Closed jjinzhou closed 2 months ago

jjinzhou commented 2 months ago

Dear Professor Faircloth,

I'm having a problem running this command"phyluce_assembly_match_contigs_to_probes", which seems to be the same problem as #233 and #321. I modified the ~/.phyluce.conf in conda environment according to your answers to these two questions, i.e

[headers] trinity:comp\d+_c\d+_seq\d+|c\d+_g\d+_i\d+|TR\d+|c\d+_g\d+_i\d+|TRINITY_DN\d+_c\d+_g\d+i\d+ velvet:node\d+ abyss:node\d+ idba:contig-\d+\d+ spades:NODE_\d+length\d+cov\d+.\d+ minia3:scaffold_\d+uid\d+

I made this change because the assembly software was selected Minia3 and the file starts with scaffold_41_uid_1710815508.But the results still show the same error.
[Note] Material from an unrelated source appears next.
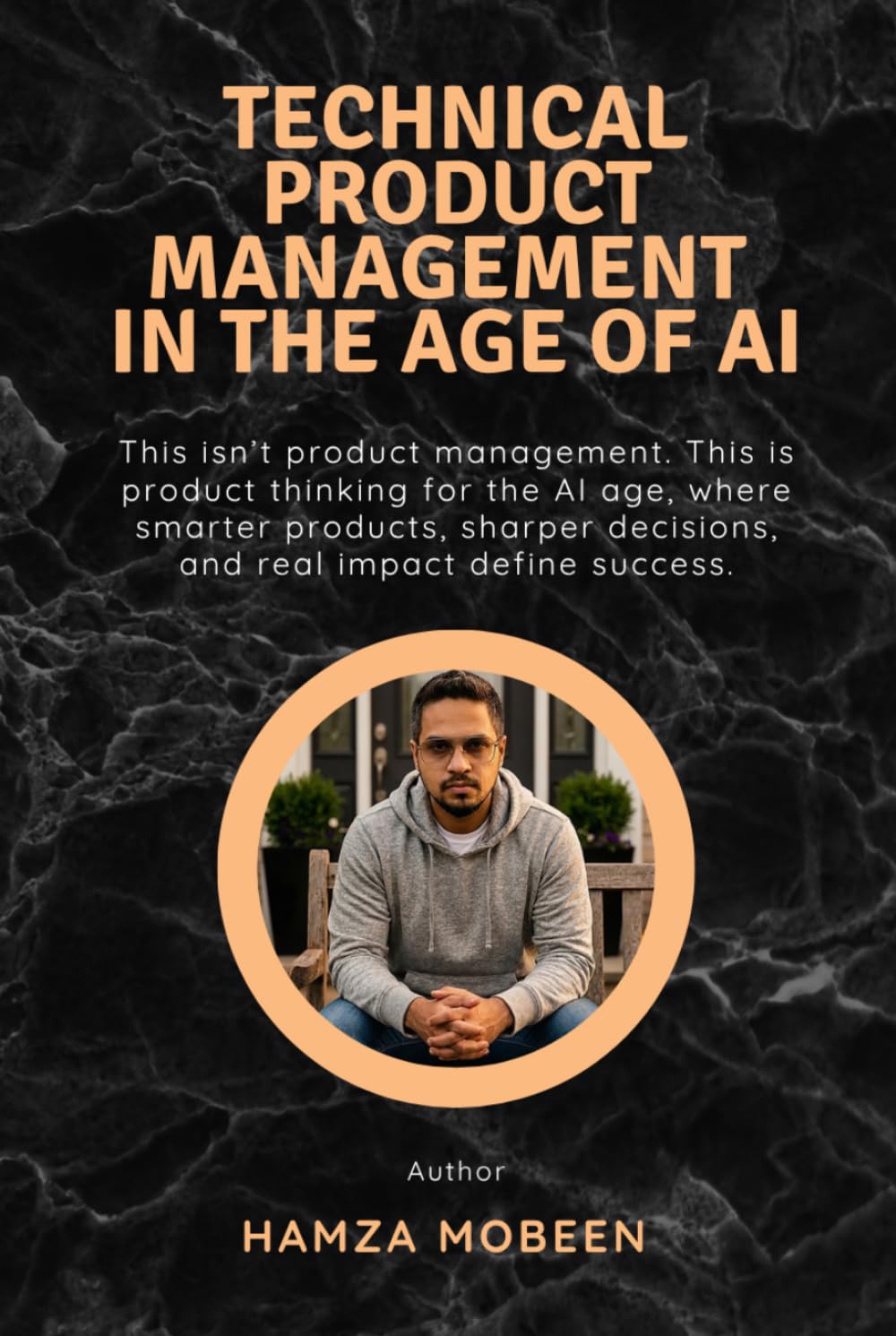 Technical Product Management in the age of AI.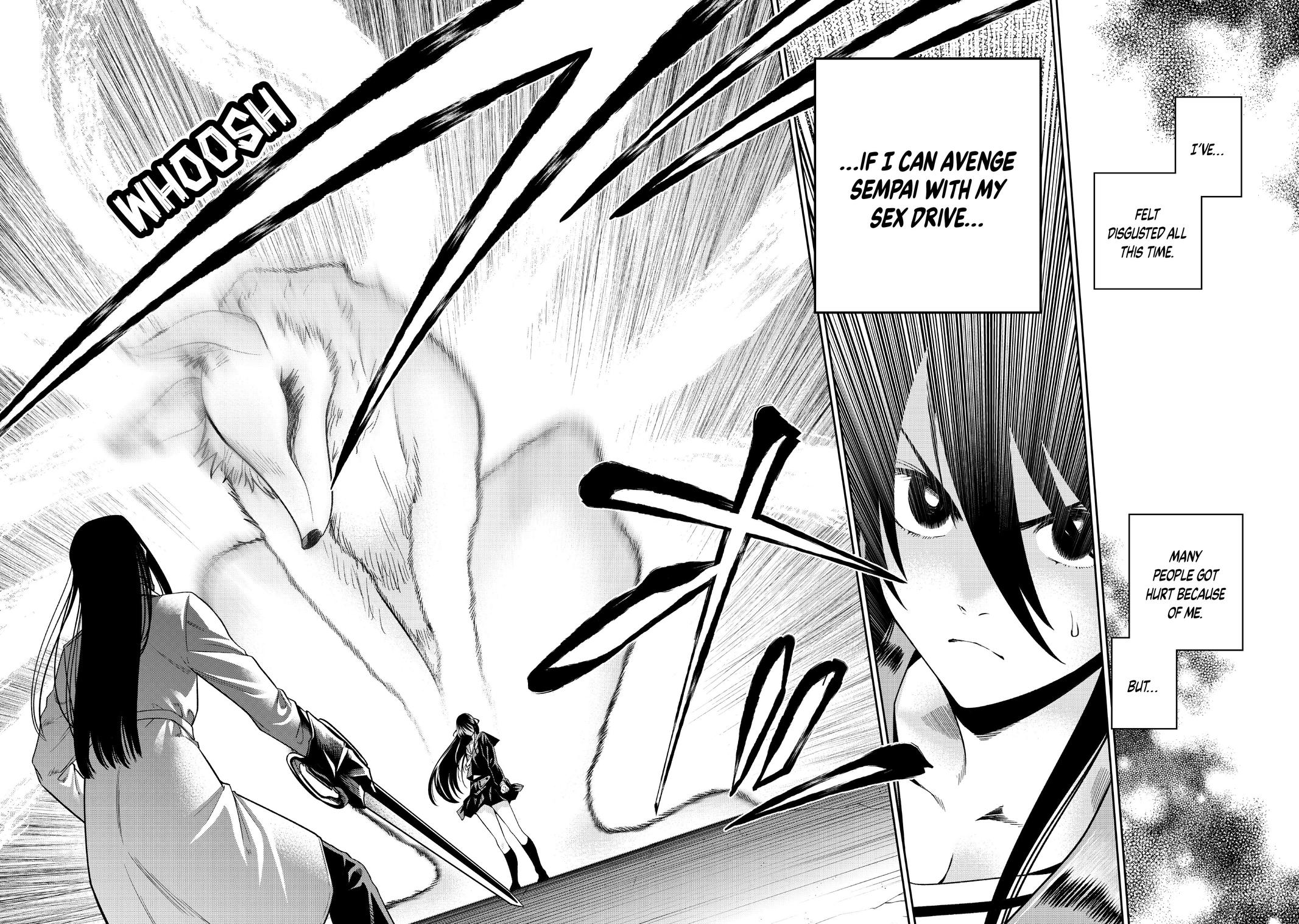 Page 14 of Chapter 18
I then tried the --regex scaffold_\d+_uid_\d+ parameter, but the results were still wrong.

I don't know what went wrong and I was hoping for your guidance. Here is the code I used, and the specific error

phyluce_assembly_match_contigs_to_probes \ --contigs assemblies_endding \ --probes hymenoptera-v2-PRINCIPAL-bait-set.fasta \ --output uce_extraction \ --min-coverage 67 \ --min-identity 80

File "~/miniconda3/envs/phyluce-1.7.3/bin/phyluce_assembly_match_contigs_to_probes", line 421, in <module> main() \n File "~/miniconda3/envs/phyluce-1.7.3/bin/phyluce_assembly_match_contigs_to_probes", line 354, in main contig_name = get_contig_name(lz.name1) File "~/miniconda3/envs/phyluce-1.7.3/bin/phyluce_assembly_match_contigs_to_probes", line 279, in get_contig_name return match.groups()[0] AttributeError: 'NoneType' object has no attribute 'groups'

brantfaircloth commented 2 months ago

The header string you are using looks incorrect. It should be something like:

minia3:scaffold_\d+_uid_\d+

to match a header name like:

scaffold_41_uid_1710815508

The --regex command won't work - that's meant for something else.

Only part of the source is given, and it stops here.